To do this, I'm making a main struct called Token
that all types of tokens will inherit from, such as IntToken
and PlusToken
.
Every new type of token will include a type
variable as a string, and a to_string
function, which returns a representation like: Token(PLUS)
or Token(INT, 5)
(5 would be replaced by whatever integer value it is);
I've looked at many questions on SO and it looks like I need to make a vector of type std::shared_ptr(BaseClass)
(in my case, BaseClass
would be Token
) https://stackoverflow.com/a/20127962/12101554
I have tried doing this how I would think that it should be made, but since it didn't work, I looked on SO and found the answer linked above, however it doesn't seem to be working.
Am I following the answer wrong, did I make some other error, or is this not possible to do in C++ without a lot of other code?

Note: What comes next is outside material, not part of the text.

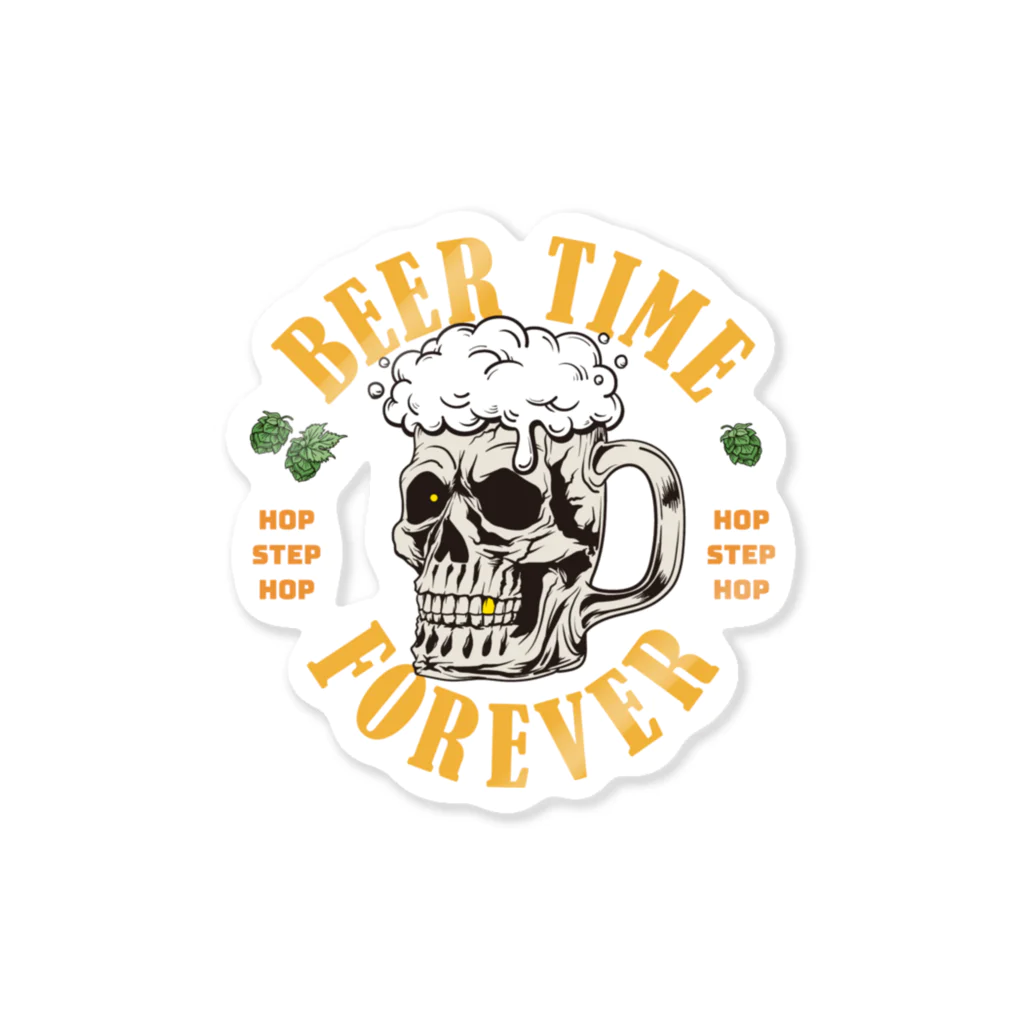 HIGEQLOのBeer Time Forever ステッカー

(I have also tried converting all the struct
's to class
's and adding public:
, but that makes no change)
#include <iostream>
#include <string>
#include <vector>
struct Token {
std::string type = "Uninitialized";
virtual std::string to_string() { return "Not implemented"; };
};
struct IntToken : public Token {
IntToken(int value) {
this->value = value;
}
std::string type = "INT";
int value;
std::string to_string() {
return "Token(INT, " + std::to_string(value) + ")";
}
};
struct PlusToken : public Token {
std::string type = "PLUS";
};
std::vector<std::shared_ptr<Token>> tokenize(std::string input) {
std::vector<std::shared_ptr<Token>> tokens;
for (int i = 0; i < input.length(); i++) {
char c = input[i];
if (std::isdigit(c)) {
std::cout << "Digit" << std::endl;
IntToken t = IntToken(c - 48);
std::cout << t.value << std::endl;
tokens.push_back(std::make_shared<IntToken>(t));
}
else if (c == '+') {
std::cout << "Plus" << std::endl;
PlusToken p = PlusToken();
tokens.push_back(std::make_shared<PlusToken>(p));
}
}
return tokens;
}
int main()
{
std::string input = "5+55";
std::vector<std::shared_ptr<Token>> tokens = tokenize(input);
for (int i = 0; i < tokens.size(); i++) {
//std::cout << tokens[i].to_string() << std::endl;
std::cout << tokens[i]->type << std::endl;
}
}
Current Output:
Digit
5
Plus
Digit
5
Digit
5
Uninitialized
Uninitialized
Uninitialized
Uninitialized
Expected Output: (with current code)
Digit
5
Plus
Digit
5
Digit
5
Token(INT, 5)
Token(PLUS)
Token(INT, 5)
Token(INT, 5)
Note: Yes, I know that the proper tokenization would be (5) (+) (55), but I'm still creating the basic part.
You are giving your derived classes their own type
member variables. Instead you should be setting the type
that belongs to the base class inside the derived-class constructors.